I just replaced my imaging computer's 1tb hard drive with a 2tb one as I was getting tired of needing a second drive to keep my current stuff. Bit the bullet and got an SSD drive. Made a big difference when I search the drive for something. With far more stuff to search through it still goes many times faster than before. Saves me a ton of time, should have done it long before. I'd hate to think what I'd need in drives with a CMOS camera. None with a chip my size yet in mono but that will soon change I assume.

Rick

Quote:
Originally Posted by slilge View Post
In the nights when I collected the data for Abell 80 (http://ccd-astronomy.de/temp12/Abell80colourneugut.jpg) the seeing was quite good, so I imaged some small but bright planetary nebulae in between.

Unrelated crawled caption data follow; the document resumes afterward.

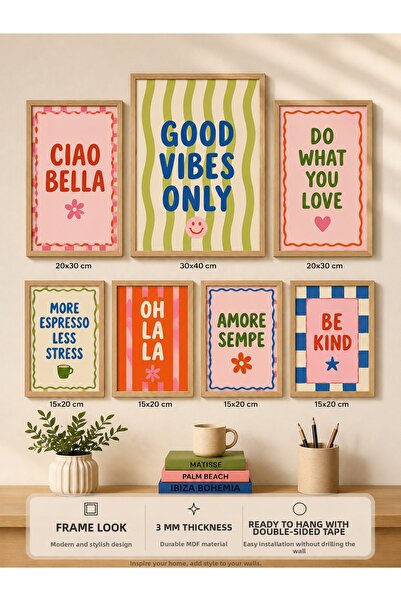 UNT 7-Piece Frame-Looking Modern Painting Set |   Retro & Pop Art |   Motivat...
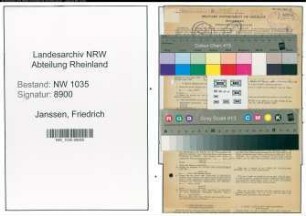 Entnazifizierung Friedrich Janssen , geb. 07.01.1903 (Steiger)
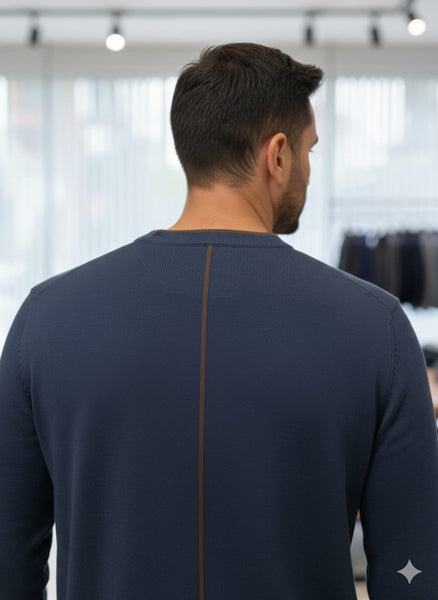 Classic Navy Blue Crew Neck Sweater – Smart & Comfortable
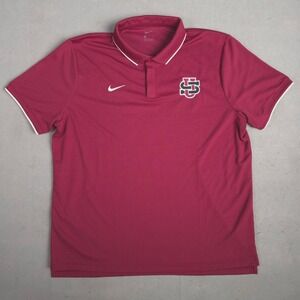 Nike Polo Shirt Athletic Training University School Maroon White Trim Mens Sz XL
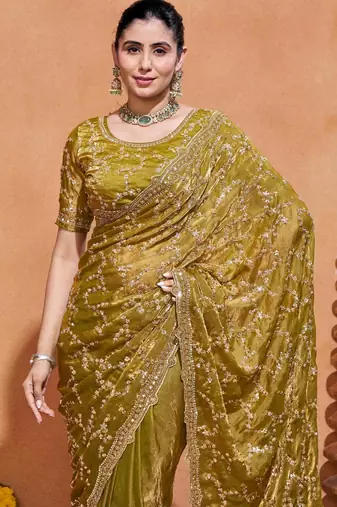 Traditional mustard gold embroidery with zari sequins fandy satin saree with unstitched blouse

All three pictures were taken on my Berlin rooftop terrace with a 10" Meade ACF at 2050mm focal length on G11 mount and ASI1600MMC camera.
With the small pixels of the ASI1600 I get an image scale of 0.38"/pixel. I show the pictures in 100% size, even if it's not always crisp and sharp. These small nebulae cannot be downsized any more if they should be larger than hot pixels.
I had some difficulty with the enormous dynamic range of these objects. The stars had to suffer a bit in order to show the nebulae in a reasonable way.

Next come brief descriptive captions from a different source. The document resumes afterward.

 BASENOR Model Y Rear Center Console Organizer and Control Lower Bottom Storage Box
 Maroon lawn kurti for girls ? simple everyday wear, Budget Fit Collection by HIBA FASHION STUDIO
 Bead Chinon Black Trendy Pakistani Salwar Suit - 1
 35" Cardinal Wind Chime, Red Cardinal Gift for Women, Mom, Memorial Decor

All three images consist of approximately 80-120 images at three seconds per channel. IC 5217 is a pure RGB, the other two are LRGB. I didn't sort the images by hand but combined them all with sigma stacking.

NGC 6884 in Cygnus had the best seeing. Despite the large image scale the stars in the unprocessed stacks looked nice sharp.
NGC 6884 is a quite "normal" planetary nebula, it is similar to NGC 6826 and has an outer halo which in my picture it was only seen by extreme stretching of the blue channel and didn't make it into the colour image.

IC5217 in Lacerta has a very unusual shape. It has two bright centers and is rectangular in shape.

The most famous of the three nebulae is certainly the Protoplanetary Nebula Minkowski 1-92, better known as "Minkowski's Footprint Nebula".
Just like the "Egg Nebula", the footprint is a bipolar nebula.
Unfortunately, the seeing was not quite as good here.